It seems the United Nations is in charge of naming country and not-country on this planet. The insert on the left tells a bit of the fascinating stories of some current not-countries. Consider Transdniestria. It sure sounds like a country. But if its impressive name isn't enough to legitimize it, shouldn't its formal secession? What about the list Jesse Ellison provides of all the things Transdniestria has that are all its own: constitution, parliament, military, postal service, currency, flag, and national anthem? I wonder if the Transdniestrian soldier strapping his boot thinks he has no country. I wonder if the Transdniestrian carrier delivering the long-awaited letter and the woman counting out Transdniestrian coins to pay the postage due think they belong to no country. What about the children who know their anthem by heart and stand and raise their voices to sing it?
Working with distinction making (one of the four universal patterns in the Patterns of Thinking Method) means working with identity and other: we posit—declare, create, acknowledge, name—an identity, and this immediately posits all the others who are not that identity. When the U.N. determines what makes a country, it simultaneously determines what makes a not-country. When a group of people in a geographically defined place call themselves a country, thus making everyone outside their borders not-their-country, shouldn't this clear distinction be honored? This brings us to perspective.

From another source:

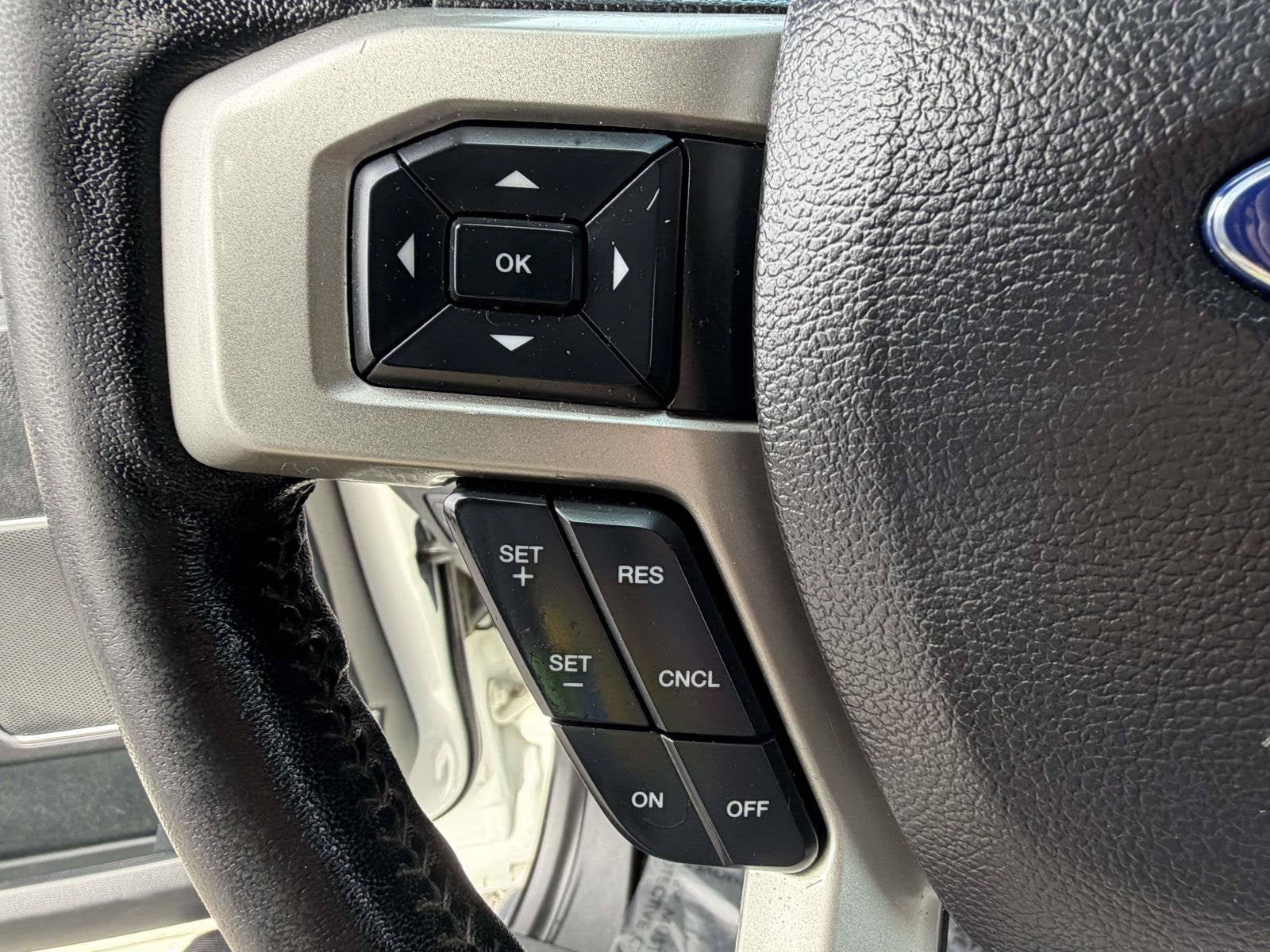 2020 Ford Super Duty F-350 SRW LARIAT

If we want to be thinking human beings, and manage that thinking consciously, we need to be aware of the perspective that carves out any identity-other given to us. (Perspective taking is also one of the four universal patterns of thinking.) When we do this, profound questions ensue, such as: Who says? Is that true? From whose perspective is this the identity and that the other? What is the identity of that other from its own perspective? (Every other is also an identity.) And more . . .
Note that we're integrating the four patterns when we consider what perspective defines the identity and other in any given distinction.
I wonder if the lives of those Transdniestrians--soldier, mail carrier, woman, and children--will change when the U.N. decides they're allowed to be what they already say they are.